Enigmatic Code

Programming Enigma Puzzles

Enigma 1676: Pick ‘n’ mix

From New Scientist #2842, 10th December 2011 [link]

There is always the same number of sweets – fewer than 50 – in a box of Tweets. Some are red and the rest are green. The proportion of reds is always the same.

Two lads, Dip and Flip, had a box each last week and a box each this week. Dip picks sweets at random from his box without looking in. Last week, when he had just eaten his last red one, he noticed he had just one green left. This week, when he had eaten his last red sweet, there were two greens left. Last week’s situation is four times as likely as this week’s.

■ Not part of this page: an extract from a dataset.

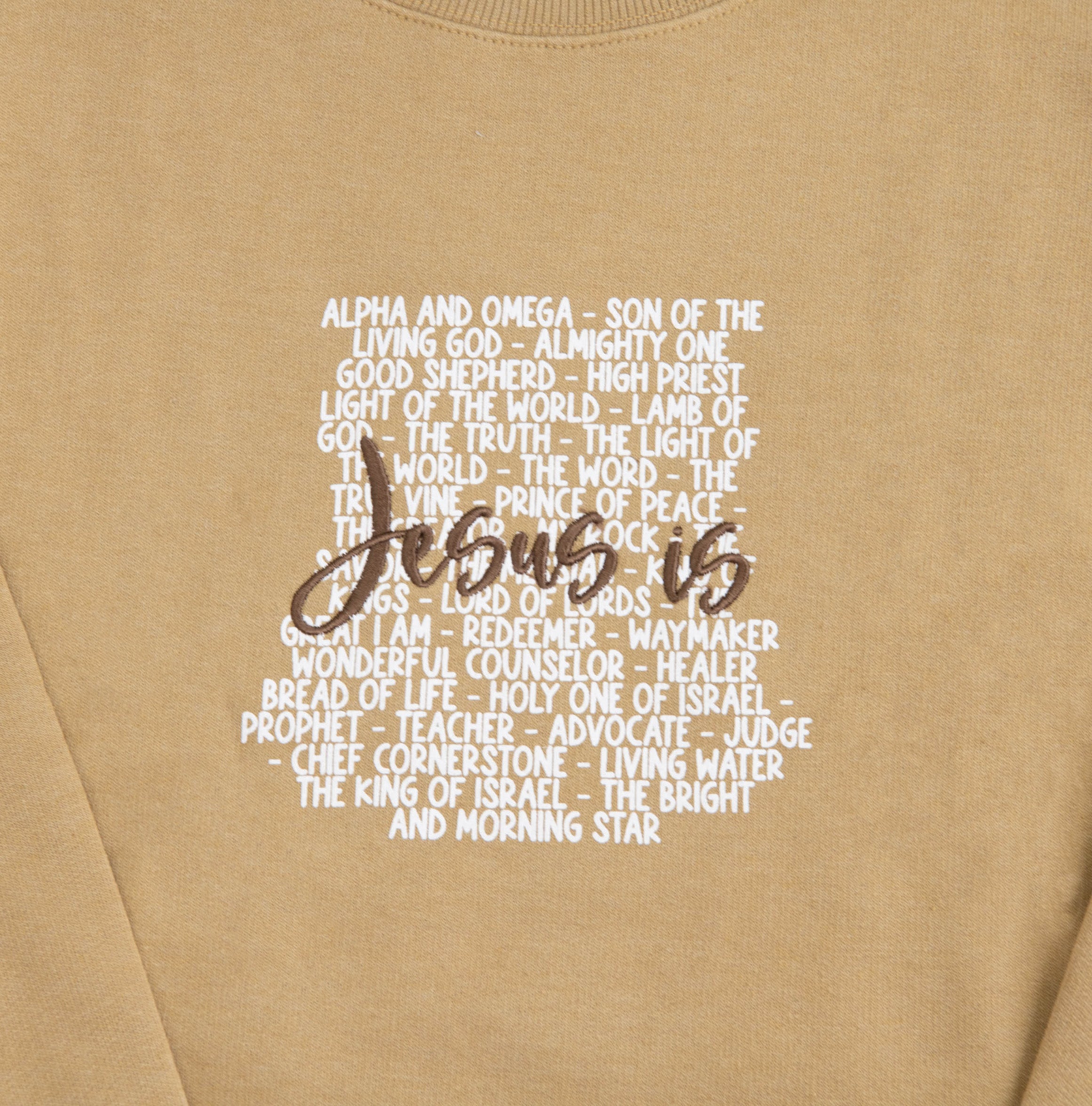 Jesus Is Embroidered Crewneck Sweatshirt - Image 3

Until he runs out of one colour, Flip picks his sweets by tossing a coin: heads he eats a red one and tails he eats a green one. Last week he had just eaten his last red one and he counted the number of green ones left. This week, when he had eaten his last red sweet there was one more green sweet left than in the previous week. In fact, having last week’s number left is four times as likely as having this week’s.

Tell me how many red sweets and how many green ones make up a box of Tweets.

[enigma1676]

3 responses to “Enigma 1676: Pick ‘n’ mix”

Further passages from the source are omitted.